• Input for this task
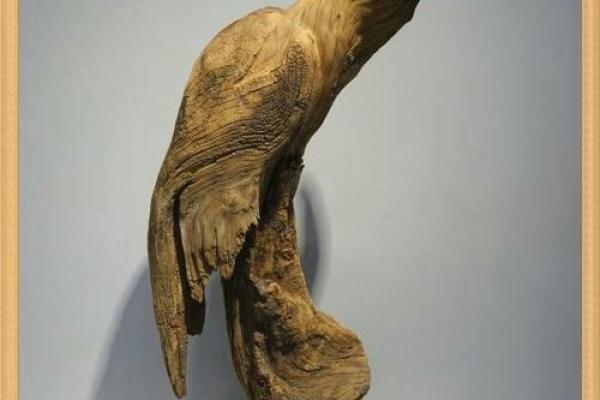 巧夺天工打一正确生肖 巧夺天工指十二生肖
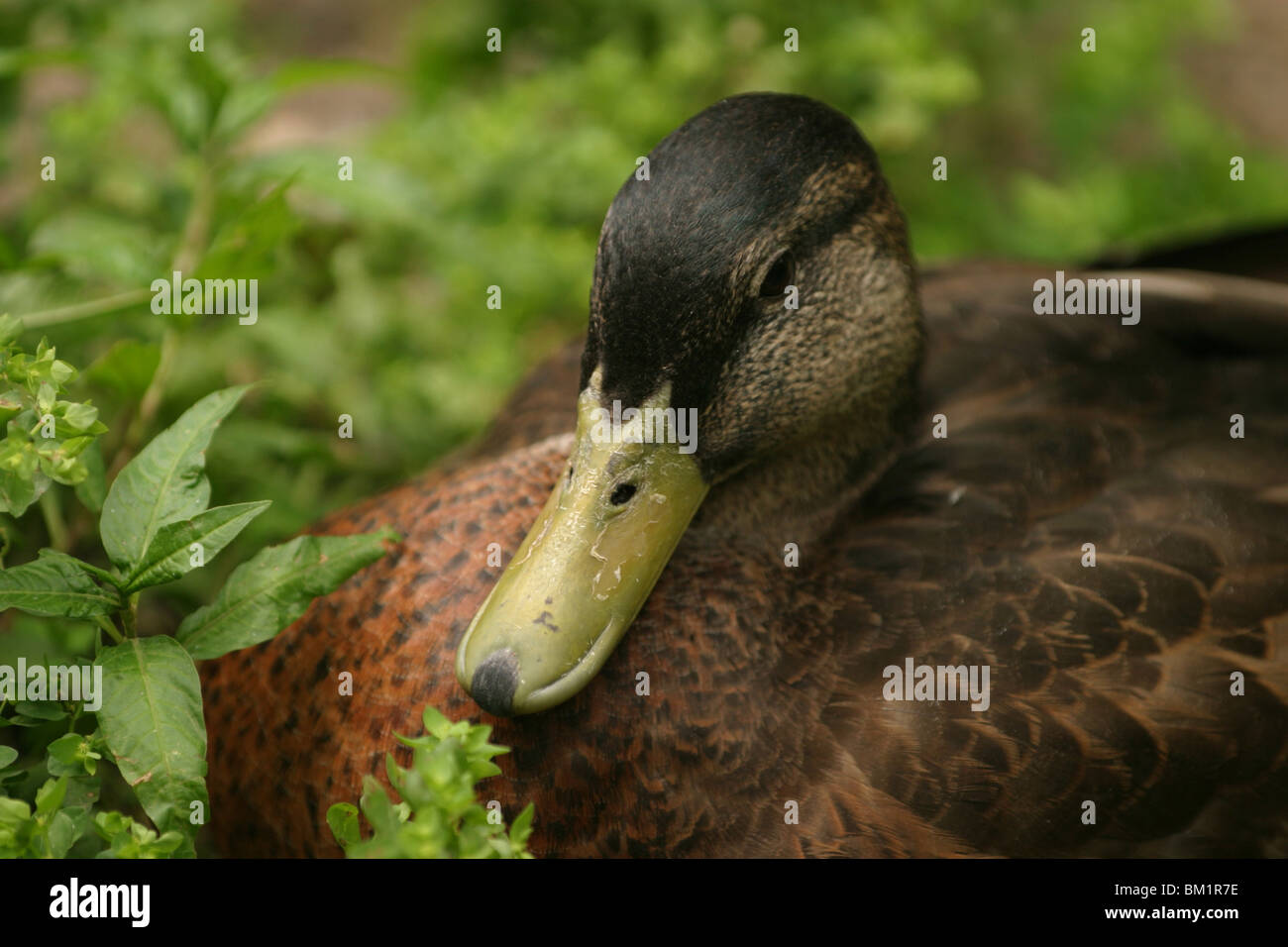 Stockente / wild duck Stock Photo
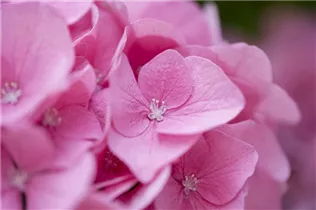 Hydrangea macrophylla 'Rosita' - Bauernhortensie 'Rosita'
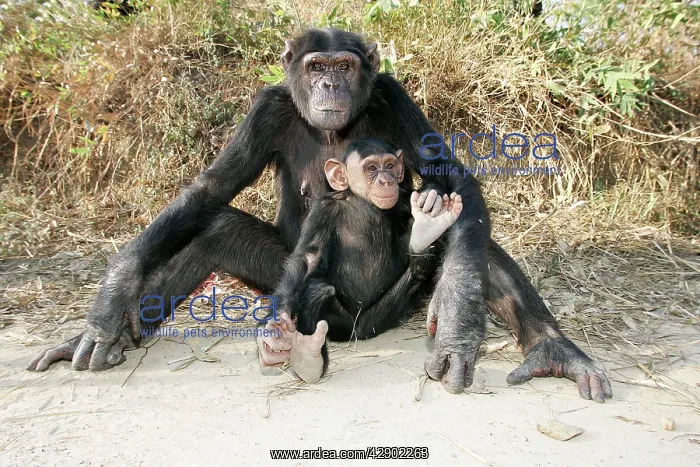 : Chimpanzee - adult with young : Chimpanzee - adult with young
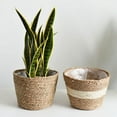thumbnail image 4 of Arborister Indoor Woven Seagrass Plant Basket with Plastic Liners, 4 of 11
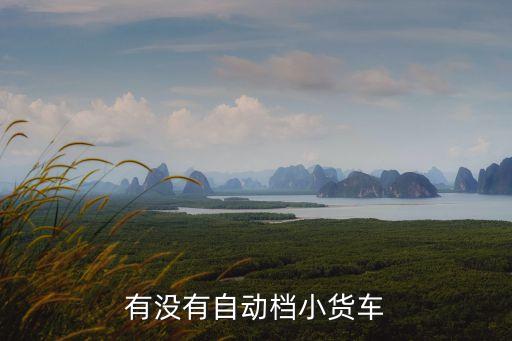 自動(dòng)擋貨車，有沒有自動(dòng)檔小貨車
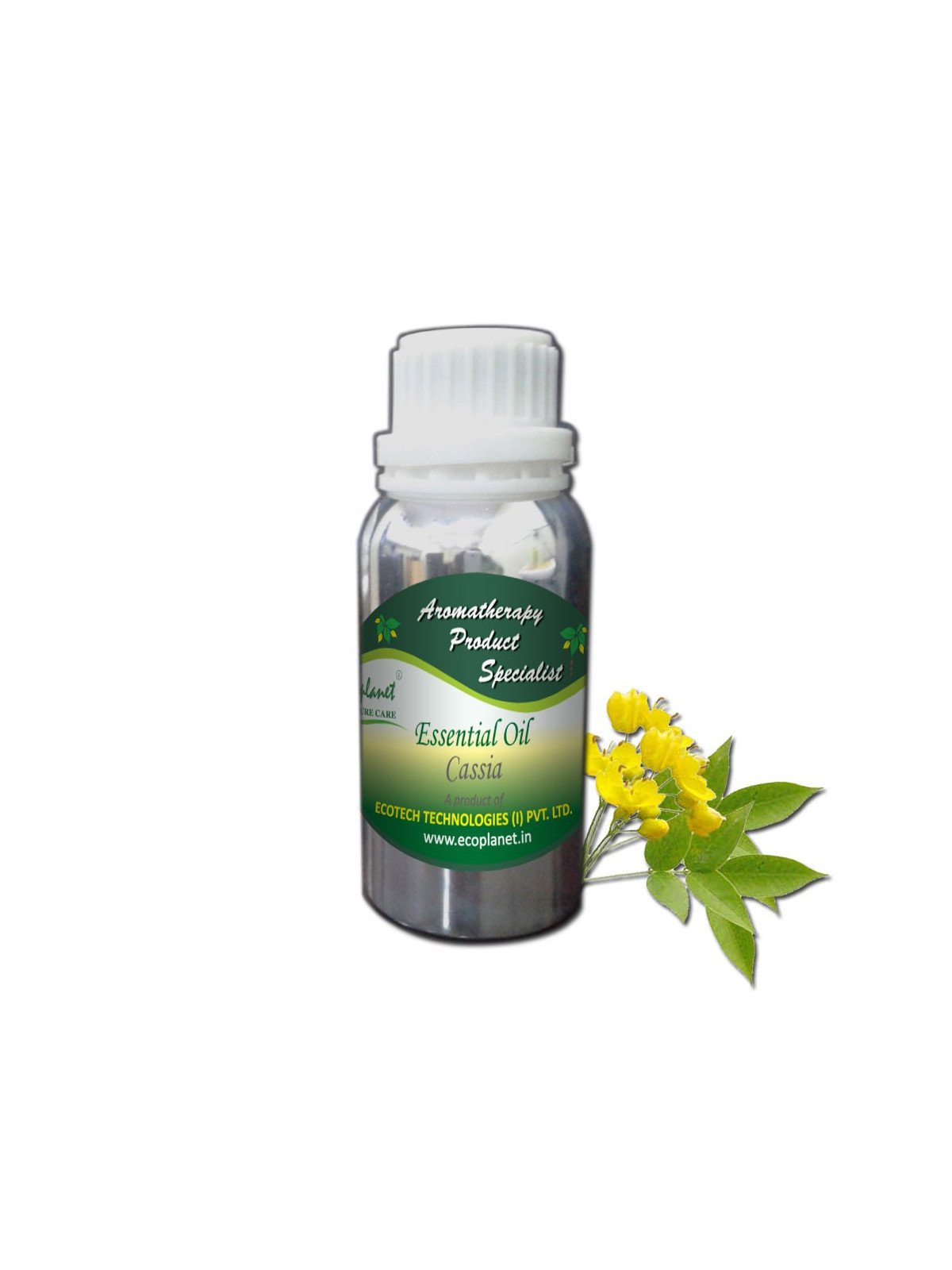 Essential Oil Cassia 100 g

* * *

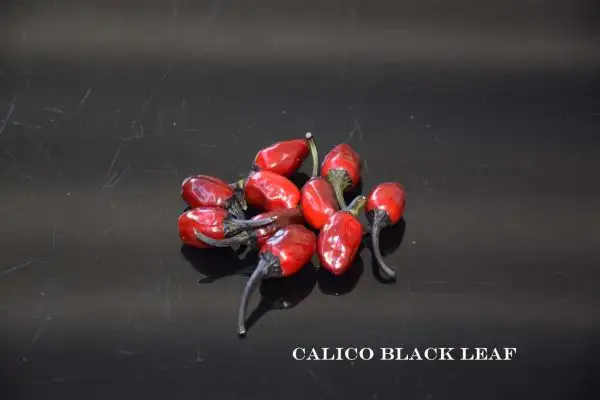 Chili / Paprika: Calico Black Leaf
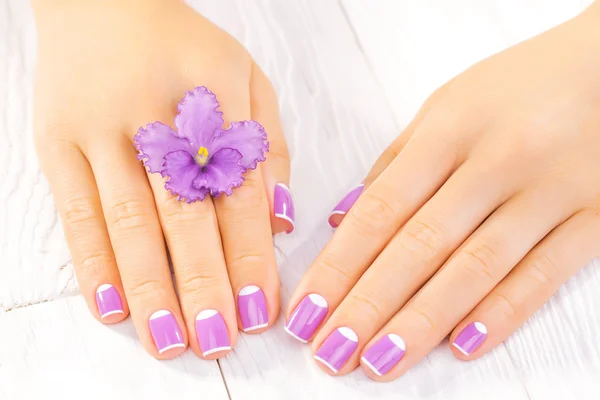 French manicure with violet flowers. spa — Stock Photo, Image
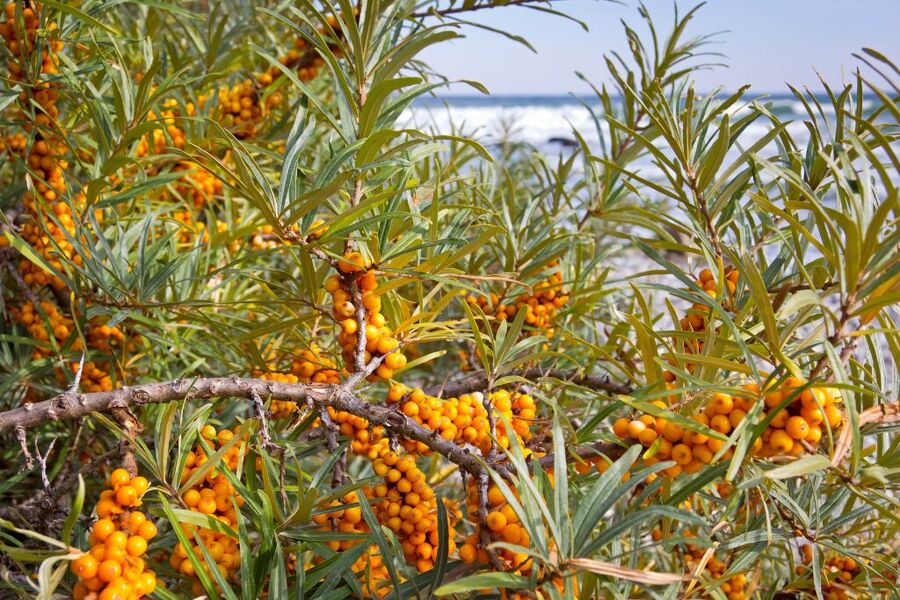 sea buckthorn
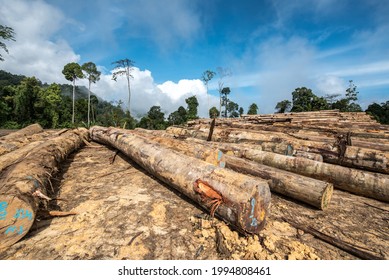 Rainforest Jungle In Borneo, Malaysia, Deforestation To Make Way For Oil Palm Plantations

* * *

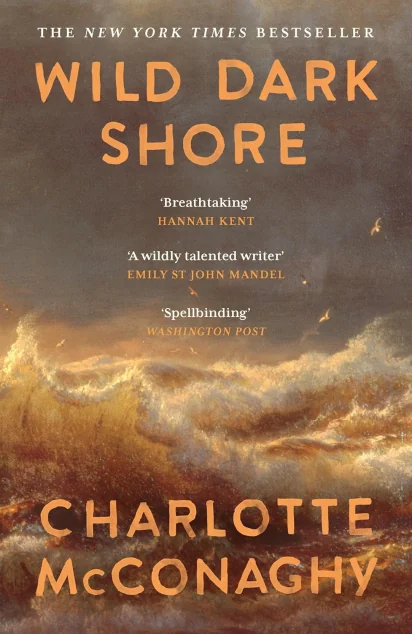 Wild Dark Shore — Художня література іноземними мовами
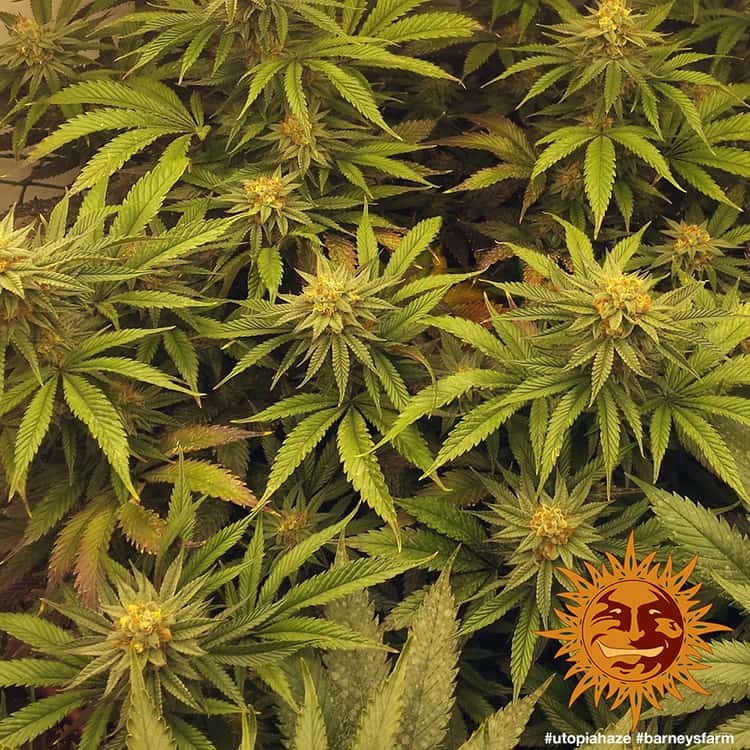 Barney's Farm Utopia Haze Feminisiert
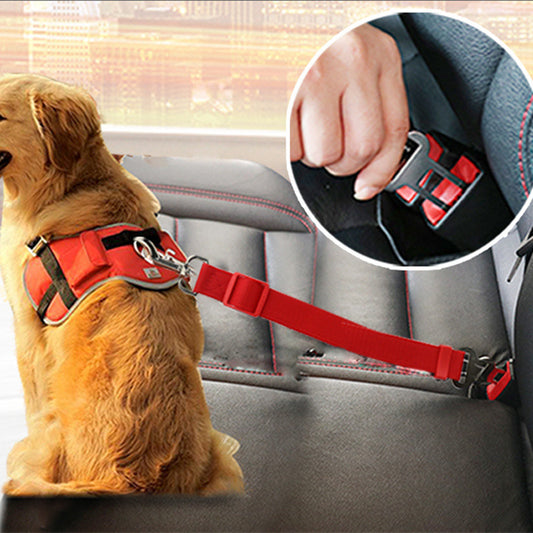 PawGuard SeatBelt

• Task to complete
Copy only these lines from the records above, exactly: the one with "Hydrangea macrophylla 'Rosita'", the one with "Essential Oil Cassia 100 g", and those between. Skip the pictures.

• Task output
 Hydrangea macrophylla 'Rosita' - Bauernhortensie 'Rosita'
 : Chimpanzee - adult with young : Chimpanzee - adult with young
thumbnail image 4 of Arborister Indoor Woven Seagrass Plant Basket with Plastic Liners, 4 of 11
 自動(dòng)擋貨車，有沒有自動(dòng)檔小貨車
 Essential Oil Cassia 100 g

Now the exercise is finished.